To make alerts filterable, we add a number of key-value pairs as details and a number of values as tags. OpsGenie allows filtering alerts both by tag and by details.key and details.value. Note that tags must be provided as a single comma-separated string to Alertmanager.

Alertmanager upstream has merged a PR (prometheus/alertmanager#2276) which will automatically add all common labels as details to the OpsGenie alert. As of 2021-04-07, there’s no Alertmanager release which contains this change.

openshift4_monitoring:
  alertManagerConfig:
    receivers:
      - name: opsgenie
        opsgenie_configs:
          - details:
              namespace: '{{- if .CommonLabels.exported_namespace -}}{{- .CommonLabels.exported_namespace -}}{{- else if .CommonLabels.namespace -}}{{- .CommonLabels.namespace -}}{{- end -}}'
              pod: '{{- if .CommonLabels.pod -}}{{- .CommonLabels.pod -}}{{- end -}}'
              deployment: '{{- if .CommonLabels.deployment -}}{{- .CommonLabels.deployment -}}{{- end -}}'
              alertname: '{{ .GroupLabels.alertname }}'
              cluster_id: '{{ .CommonLabels.cluster_id }}'
              tenant_id: '{{ .CommonLabels.tenant_id }}'
              severity: '{{ .GroupLabels.severity }}'
            tags: '{{ .CommonLabels.tenant_id }},
              {{ .CommonLabels.cluster_id }},
              {{ .GroupLabels.severity }},
              {{ .GroupLabels.alertname }},
              {{ .GroupLabels.namespace }},
              {{- if .CommonLabels.exported_namespace -}}{{ .CommonLabels.exported_namespace }},{{- end -}}'

Finally, we need to make sure that the Watchdog alert is sent to OpsGenie as a heartbeat instead of a regular alert.
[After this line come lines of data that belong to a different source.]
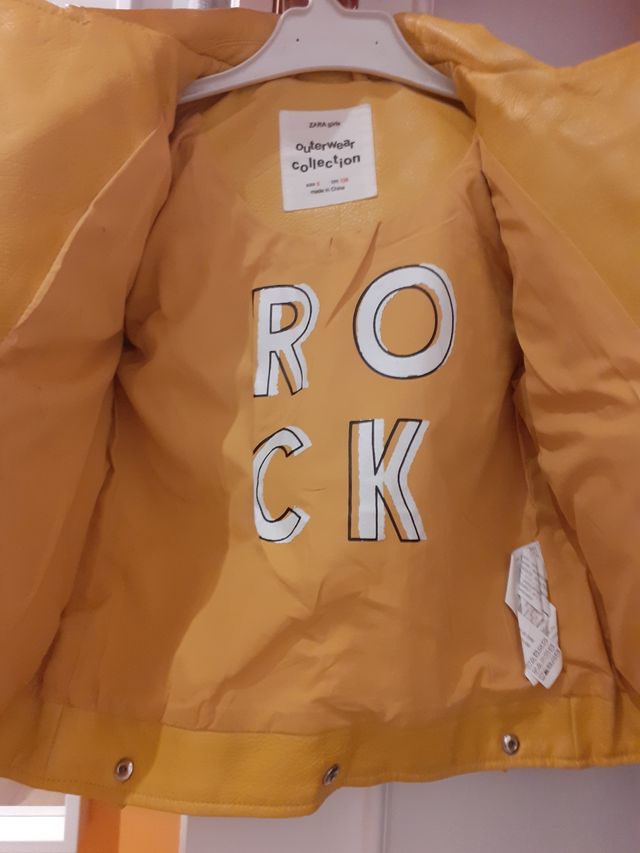 Cazadora cuero niña talla 8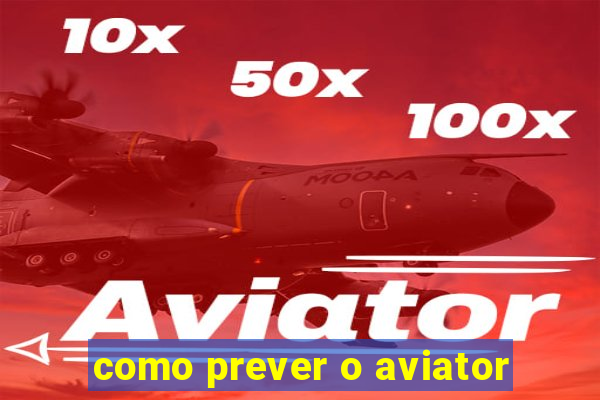 como prever o aviator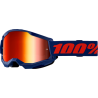 GAFAS 100% STRATA2 NAVY ESPEJO ROJO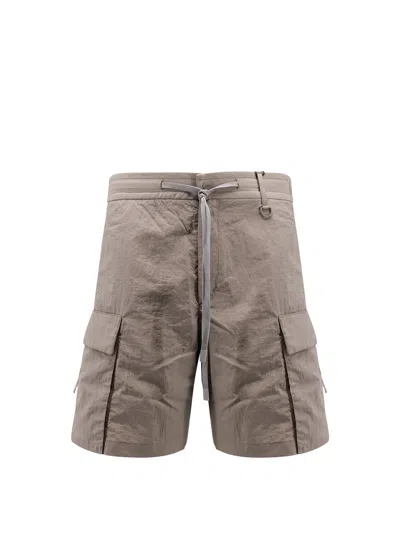 Herno Laminar Laminar Cargo Nylon Bermuda Shorts In Grey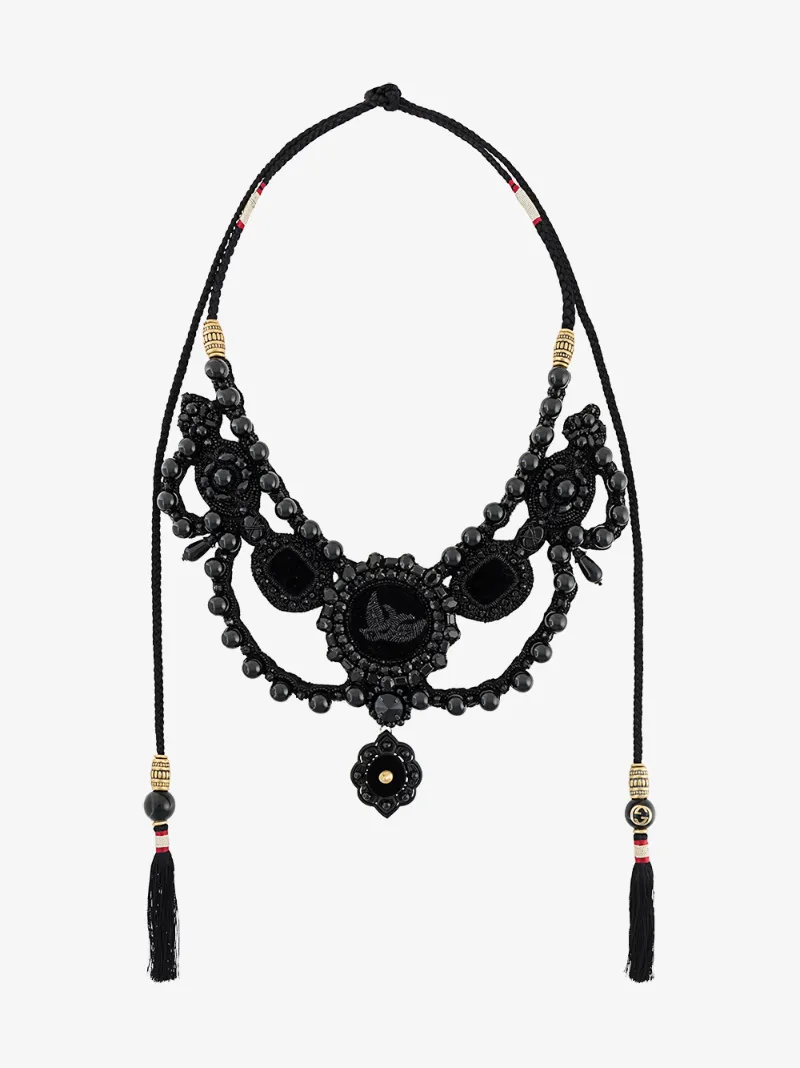 Gucci beaded gothic necklace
To this effect, we configure an additional receiver which sends alerts to the OpsGenie REST API integration. In particular, this receiver sends alerts to the heartbeat ping endpoint for the heartbeat we’ve configured. If you followed our suggestion and used the Commodore cluster-id as the name for the heartbeat the snippet below will work out of the box. For this receiver you need to provide the API key of the REST API integration, which should be stored in Vault.
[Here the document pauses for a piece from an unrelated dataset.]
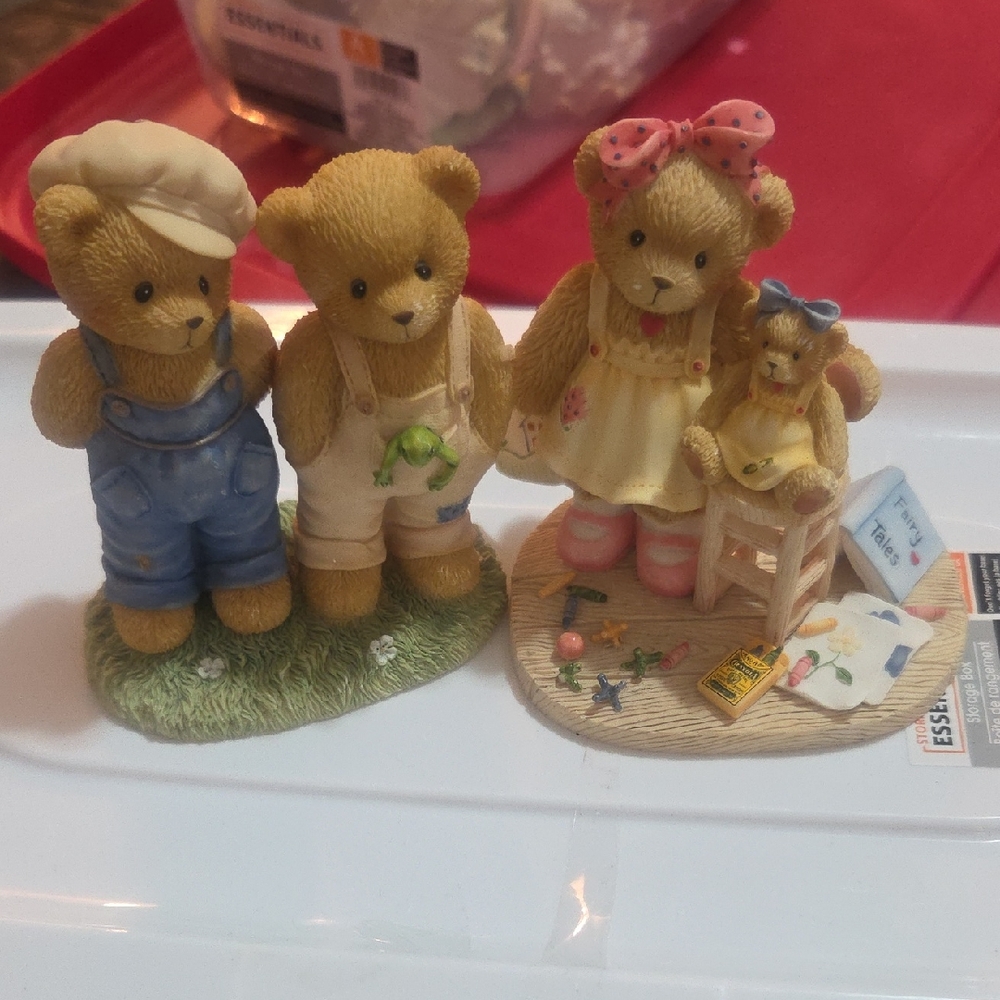 Cherished Teddies Rosemary Figurine. CHERISHED TEDDIES ERNEST & BUGSY.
In addition to the receiver, we also add a routing configuration to match alerts which are called Watchdog and ensure they’re sent to the heartbeat receiver with a repeat interval of one minute (60 seconds).

openshift4_monitoring:
  alertManagerConfig:
    receivers:
      - name: heartbeat
        webhook_configs:
          - send_resolved: false
            url: https://api.opsgenie.com/v2/heartbeats/${cluster:name}/ping
            http_config:
              basic_auth:
                password: ?{vaultkv:${cluster:tenant}/${cluster:name}/opsgenie/heartbeat-password}
    route:
      routes:
        - match:
            alertname: Watchdog
          repeat_interval: 60s
          receiver: heartbeat

Full component configuration

Since we’ve discussed and shown individual elements of the Alertmanager configuration in the previous section, here’s the full, copy-pasteable configuration for component openshift4-monitoring.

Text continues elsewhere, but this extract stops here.